* _DATA BELOW_:
--- START ---

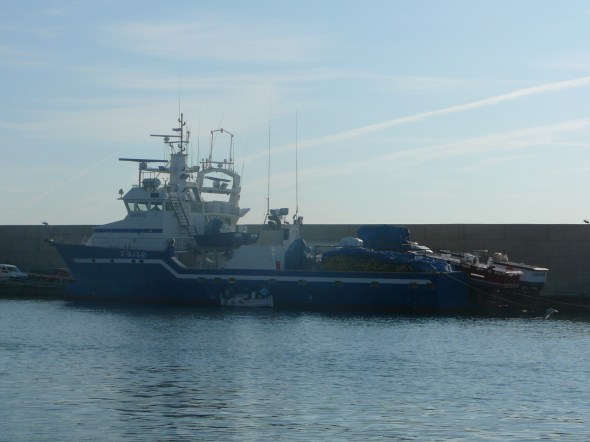 vissersboot met "aanhang"in l'Ametill de Mar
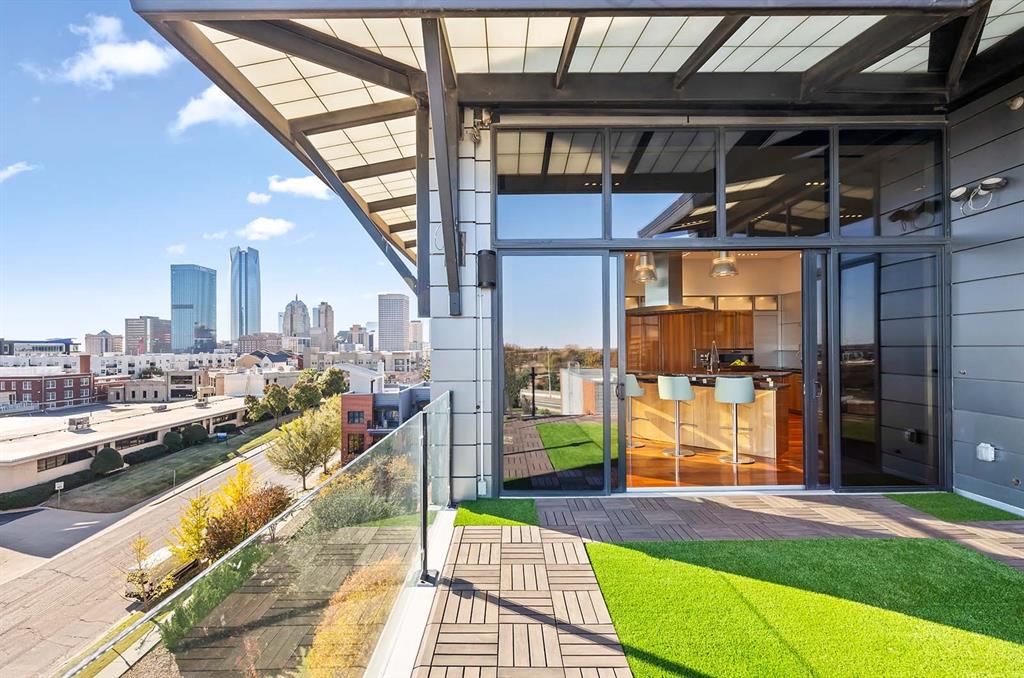 301 NE 4th Street Unit: PH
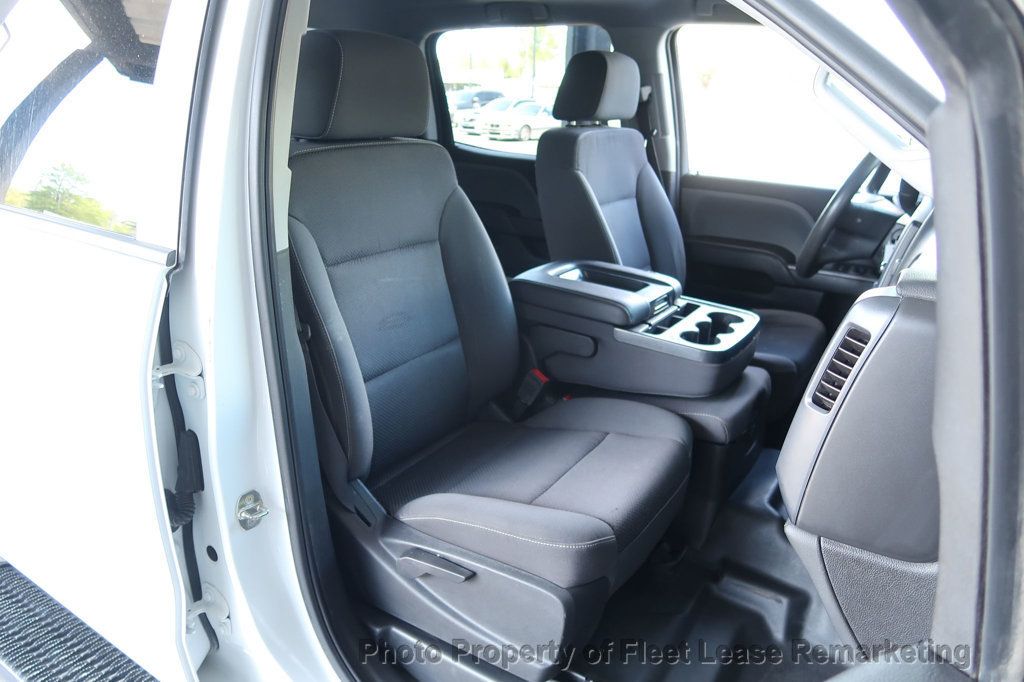 2019 Chevrolet Silverado 2500HD Silverado 2500 4WD Crew Cab Enclosed Fiberglass Utility  - 22391243 - 19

--- END ---

* _PROMPT_:
Restate the listing word for word and drop the pictures.

* _FINISHED EXERCISE_:
 vissersboot met "aanhang"in l'Ametill de Mar
 301 NE 4th Street Unit: PH
 2019 Chevrolet Silverado 2500HD Silverado 2500 4WD Crew Cab Enclosed Fiberglass Utility  - 22391243 - 19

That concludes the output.